Gene scurried into a back room and returned with a business card on which Graham Bentley Post had written his hotel room number next to his cell phone number.
“I’ll give him a call,” I promised, pocketing the card.
Sure, it was far-fetched that a library would use crime to stock its shelves. But this was a private library, not a public one, and I didn’t know how reputable it was. Besides, Post being on the scene was too much of a coincidence to just ignore. I put him on the suspect list right along with Hugh Matheson, who was still in the running in my book.

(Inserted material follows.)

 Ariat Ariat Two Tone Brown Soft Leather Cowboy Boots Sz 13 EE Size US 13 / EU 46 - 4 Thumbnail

While Mac had been stuck at the colloquium, I’d flushed out two hot prospects. Max Cutter was going to solve this case, not Sherlock Holmes.

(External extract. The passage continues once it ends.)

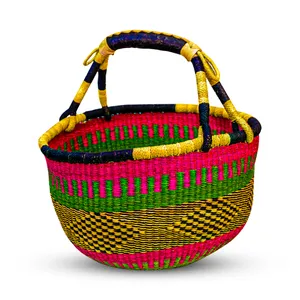 Multi-coloured storage straw basket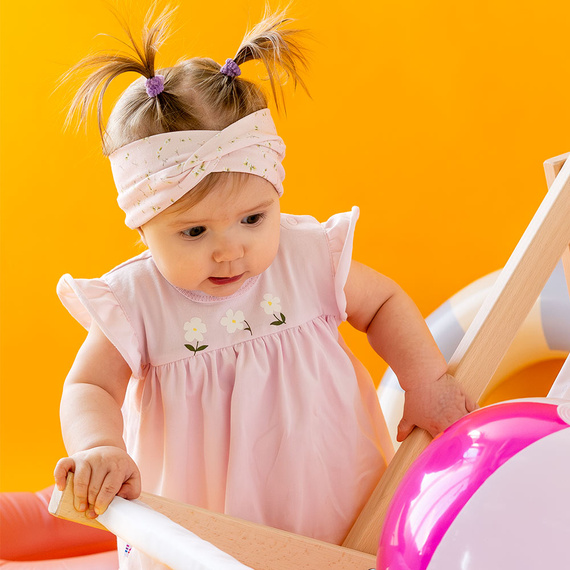 Рокля боди с къс ръкав Meadow Eevi - розово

Chapter Ten - Sleuths on the Case
On my way out the front door of the Bennish library I almost collided with the tall figure of Dr. Noah Queensbury, who was rushing in. He excused himself profusely.
“I don’t know why you’re in such a hurry,” I said. “You’re already ahead of everybody else.”
“My plan precisely. I intend to beat the others at asking a few salient questions.”
He struck a Sherlockian pose, which was not too difficult considering that he was wearing a deerstalker cap.
“Others?” I repeated weakly. I was getting a grim premonition.
“Of course! Surely I am not the only one planning to apply the techniques of the Master to this case.”
I had a sudden vision of seventy-five, eighty Sherlockians trampling across the quadrangle, peering into office windows, sneaking through the physical plant...
“Wait a minute,” I said. “Don’t get carried away. This is police business. If you muck things up by sticking your nose in, you could get yourself into some real trouble.”
“The Scotland Yarders are imbeciles.”
This guy just didn’t know when to stop playing the Game. He was even worse than Mac.
“The press account of this crime mentioned the curator of rare books, one Gene Pfannenstiel,” Queensbury continued, mispronouncing the last syllable as style instead of steel.“How long has he been in this position?”
“About a month. He came highly recommended from Bowling Green State University. What the hell is that question supposed to mean?”
“Perhaps nothing at all. I am merely collecting data. ‘Data! Data! Data! I can’t make bricks without clay.’ - ‘The Adventure of the Copper Beaches.’ I should very much like to talk to this gentleman.”
“You can talk to him all you want,” I said, “but not about the crime. I’m the only source of information on that, and I can’t tell you any more than you already read in the morning paper. Sorry.”
“I am not quite so easily thrown off the scent, I assure you,” Queensbury sniffed.